Saudi Arabia's market falls to the lowest point since June 2010 as retail and institutional investors exit positions amid spreading Mena political dissent
Saudi index declines as unrest continues to rattle investors
Saudi Arabia's stock market fell to its lowest in eight months as international and retail investors sold stock amid social unrest spreading in the Mena region.
The kingdom's Tadawul, the Arab world's largest stock index, slipped 5 per cent to 5,950.64 points yesterday — the first day of trading in Saudi Arabia this week.
The market was closed on Saturday in honour of King Abdullah's return home after medical treatment abroad.
Analysts said the selling was partly driven by news that unrest had broken out in Oman, with protesters and security forces clashing in Sohar, a city 200km north of Muscat, the capital.
"The market declined at big volumes.
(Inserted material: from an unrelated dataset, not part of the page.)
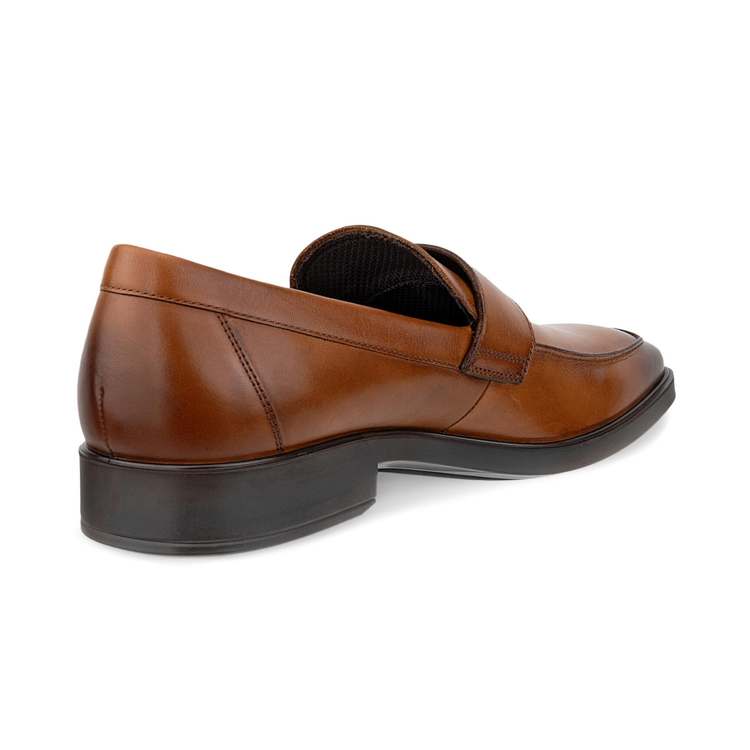 Лоферы ECCO METROPOLE MILAN 523394/01644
This means there is someone on the other side of the trade buying," said Ahmed Alqahtani, an analyst at NCB Capital in Saudi Arabia.
Mr Alqahtani said Saudi institutions were more likely than retail and foreign institutional investors to buy stock.
Volumes on the Tadawul was nearly 5 billion, "very big" compared with historical levels in the past year, Mr Alqahtani said.
The Egyptian Exchange is to reopen tomorrow after being closed for a month, Bloomberg News reported. The exchange was closed after a 16 per cent drop during the protests that eventually ousted Hosni Mubarak from the presidency.